Air Supply’s Russell Hitchcock, who met musical partner Graham Russell in the early ’70s in an Australian production of Jesus Christ Superstar, says he has no interest in acting in the group’s musical “unless there’s a part for an old man by the fire or something.” Well, what if the producers of Spider-Man set you on fire instead, Mr. Hitchcock, and send you running up and down the aisles of the Foxwoods Theatre in a flame-retardant Human Torch costume? You can’t deny that it would literally reignite Air Supply’s career.
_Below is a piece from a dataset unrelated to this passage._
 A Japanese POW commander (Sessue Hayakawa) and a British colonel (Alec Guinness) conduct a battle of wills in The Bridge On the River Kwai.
• In the process of casting Spider-Man: Turn Off the Dark, Taymor and the show’s producers broke a long-standing theatrical tradition: they failed to hire movie stars. Last February, in an article about Broadway plays that are revived more frequently than others, the New York Times‘s Stuart Miller wrote, “Most producers say that if George Clooney, Harrison Ford or Meryl Streep wanted to star in a show, even if a previous production had closed a year earlier, they would find investors.”
Okay, so Spider-Man isn’t a revival, but if reviews could kill, it’d be in serious need of resuscitation by now. So bring on Clooney as Daily Bugle publisher J. Jonah Jameson, Ford as Peter’s uncle Ben, and Streep as his aunt May. And if they refuse to play ball, just show them Mel Gibson’s new full-body cast.